WHAT THIS TASK INVOLVES: As you write out the lines from the one containing "EDITED Produkte Kleid 'Jessi' black denim" through the last line of the records, keep them exact and leave out pictures.

SOURCE MATERIAL:
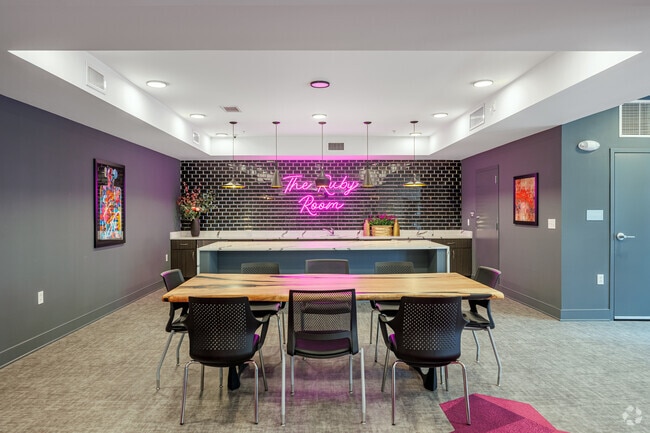 Clubroom - The Ruby at Somerset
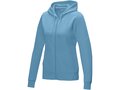 Sweat full zip à capuche Ruby bio GOTS et recyclé GRS femme 3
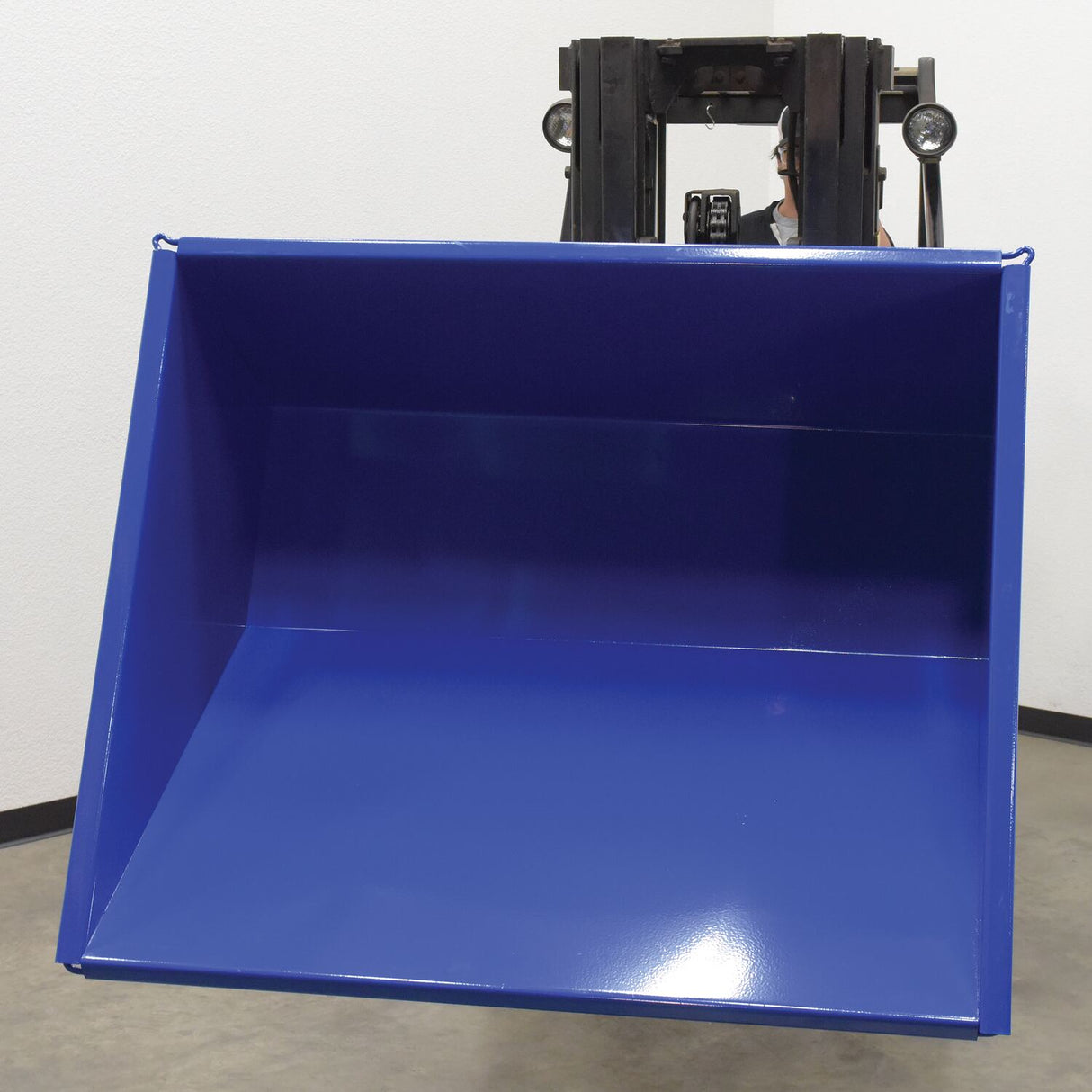 Vestil Low Profile D-Style Self Dumping Hoppers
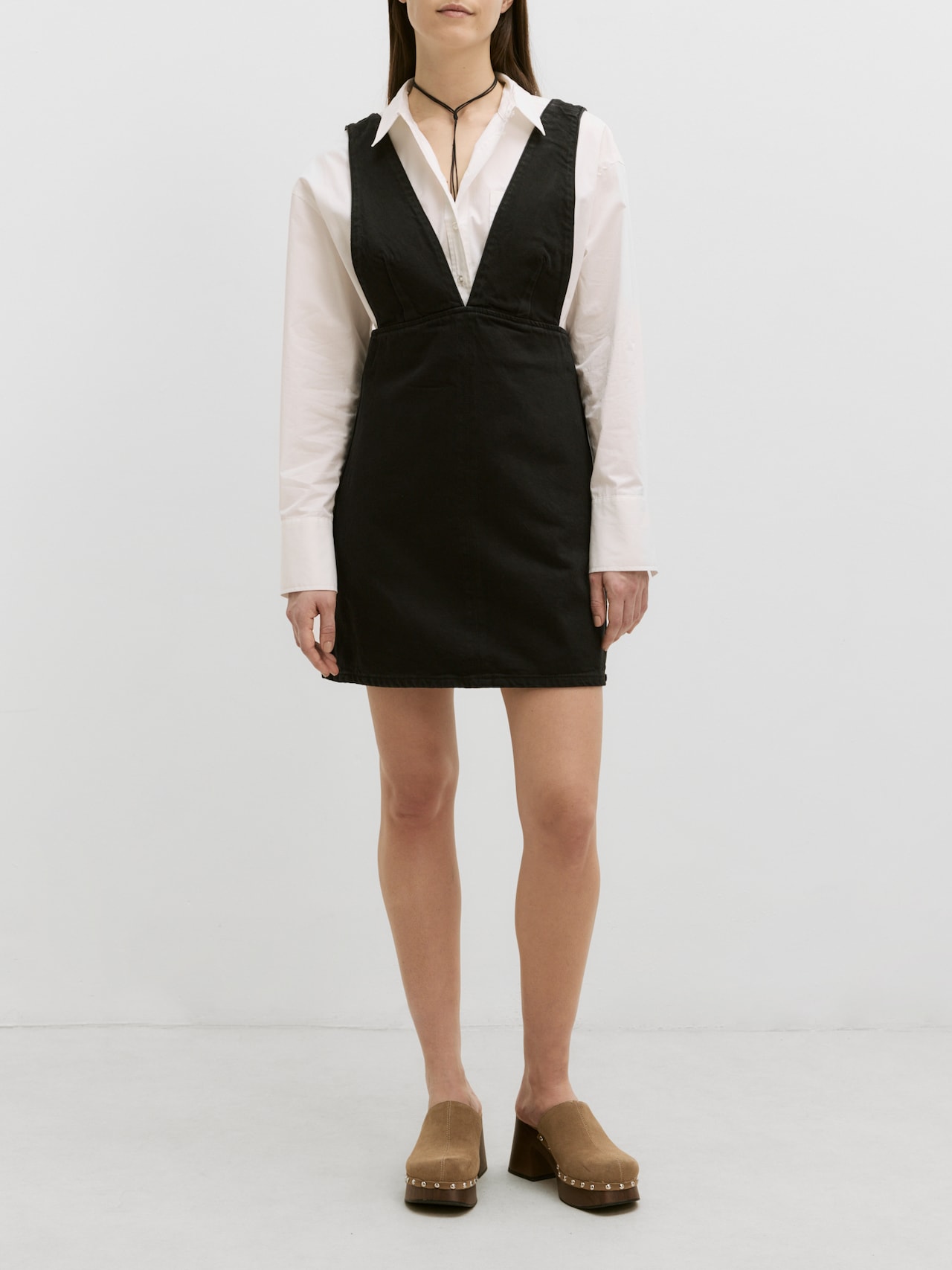 EDITED Produkte Kleid 'Jessi' black denim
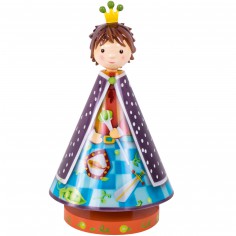 Boîte à musique en bois, Oiseau - Ingela P.Arrhenius - Déstockage de jouets, jeux et objets de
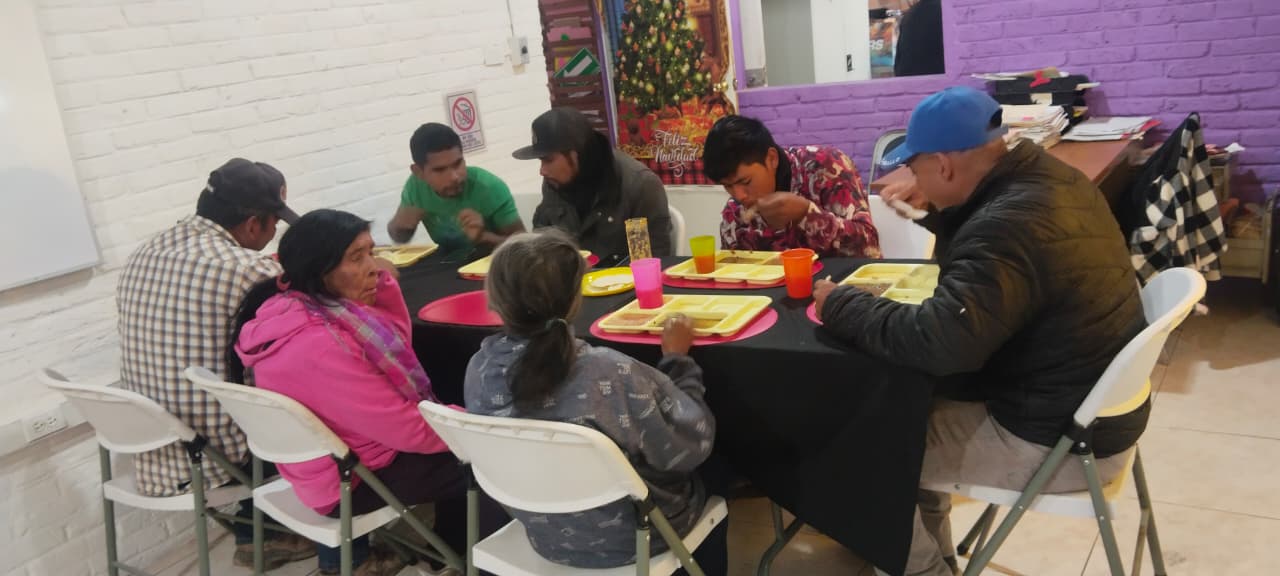 Registran afluencia en comedores de NutriChihuahua por temporada invernal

RESPONSE TO THE EXERCISE:
 EDITED Produkte Kleid 'Jessi' black denim
 Boîte à musique en bois, Oiseau - Ingela P.Arrhenius - Déstockage de jouets, jeux et objets de
 Registran afluencia en comedores de NutriChihuahua por temporada invernal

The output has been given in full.